* _Work instruction_: For this exercise, reproduce the records exactly as they stand and do not carry any images over.

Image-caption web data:
::::::::::

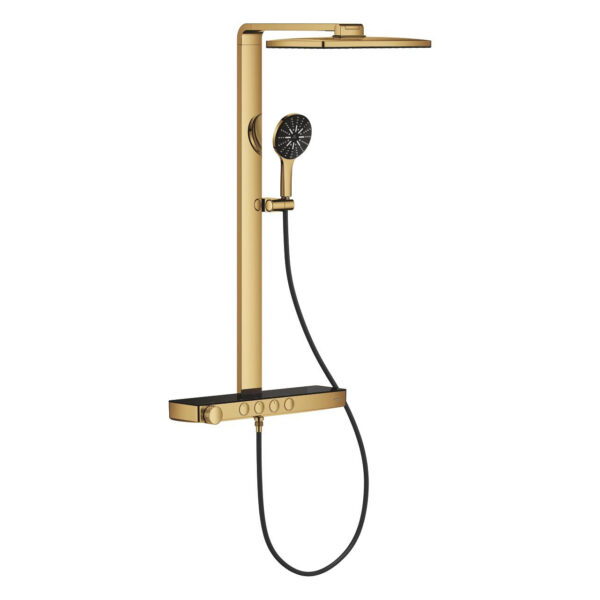 Grohe Rainshower Aqua Pure Duvara Monte Termostatik Bataryalı Duş Sistemi, Cool Sunrise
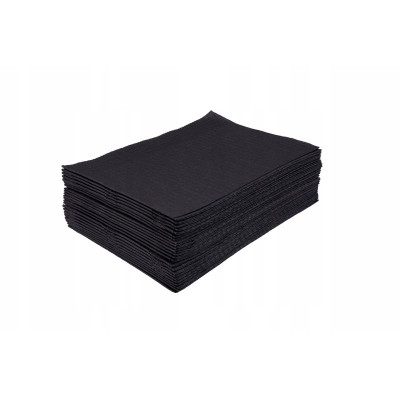 Cellulose sanitary pad - 50 pcs - black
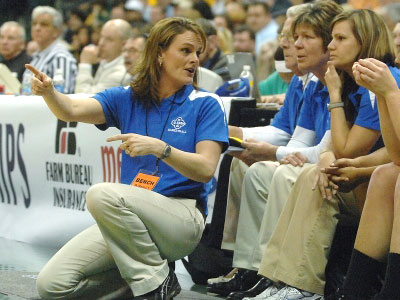 Colleen Lamoreaux-Tate was tabbed as FSU's new head coach (Photo Courtesy MLive.com & Grand Rapids Press)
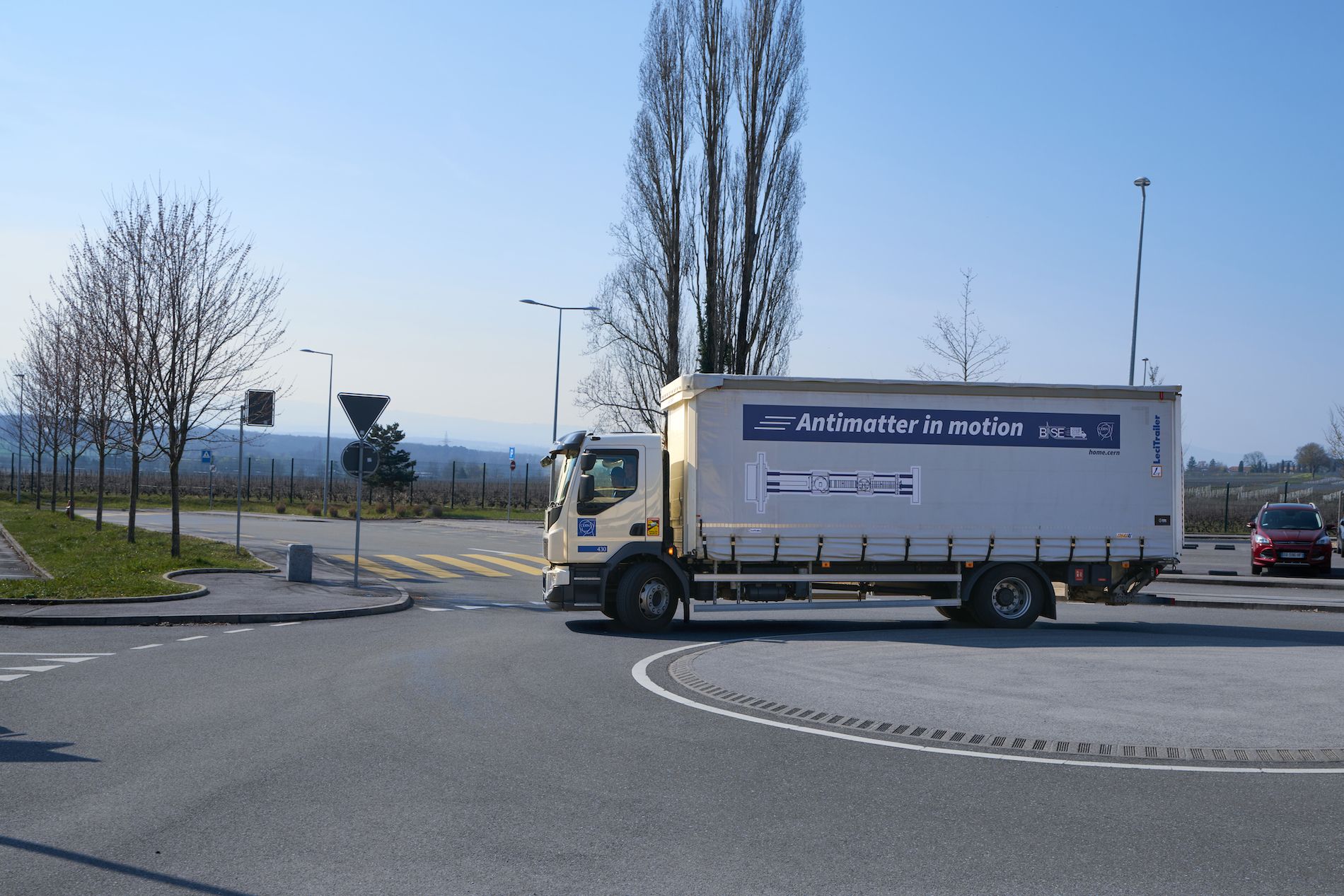 Transporte antimateria CERN
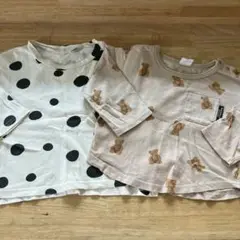 TeddyBear クマ柄 Tシャツ 90サイズ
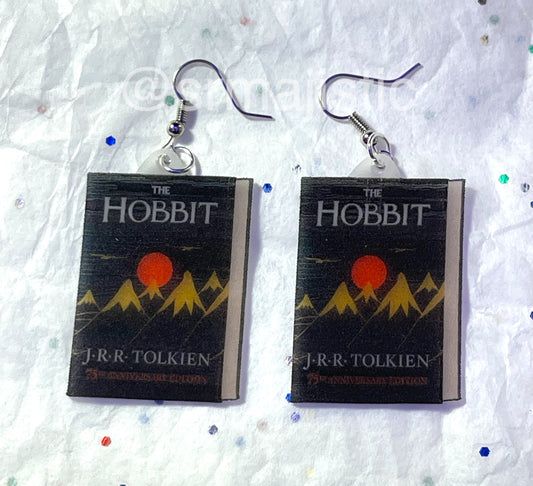 The Hobbit Book (Original Cover Design) 2D detailed Handmade Earrings!
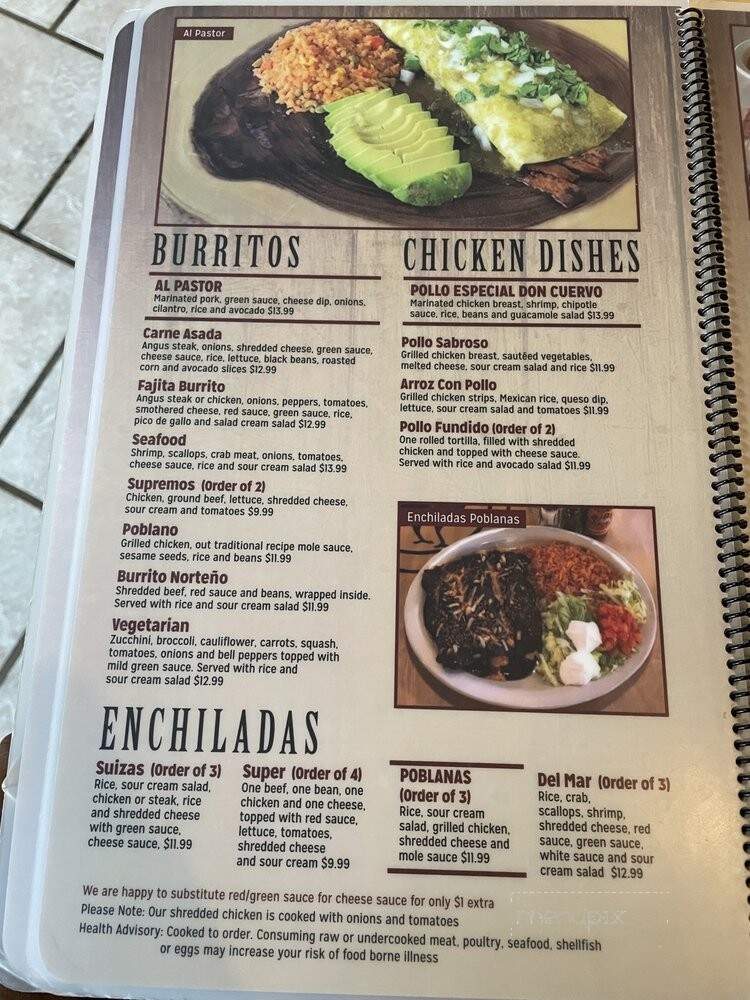 Don Cuervo - Greenwood, IN menu_pic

::::::::::

* _Output of the task_:
 Grohe Rainshower Aqua Pure Duvara Monte Termostatik Bataryalı Duş Sistemi, Cool Sunrise
 Cellulose sanitary pad - 50 pcs - black
 Colleen Lamoreaux-Tate was tabbed as FSU's new head coach (Photo Courtesy MLive.com & Grand Rapids Press)
 Transporte antimateria CERN
 TeddyBear クマ柄 Tシャツ 90サイズ
 The Hobbit Book (Original Cover Design) 2D detailed Handmade Earrings!
 Don Cuervo - Greenwood, IN menu_pic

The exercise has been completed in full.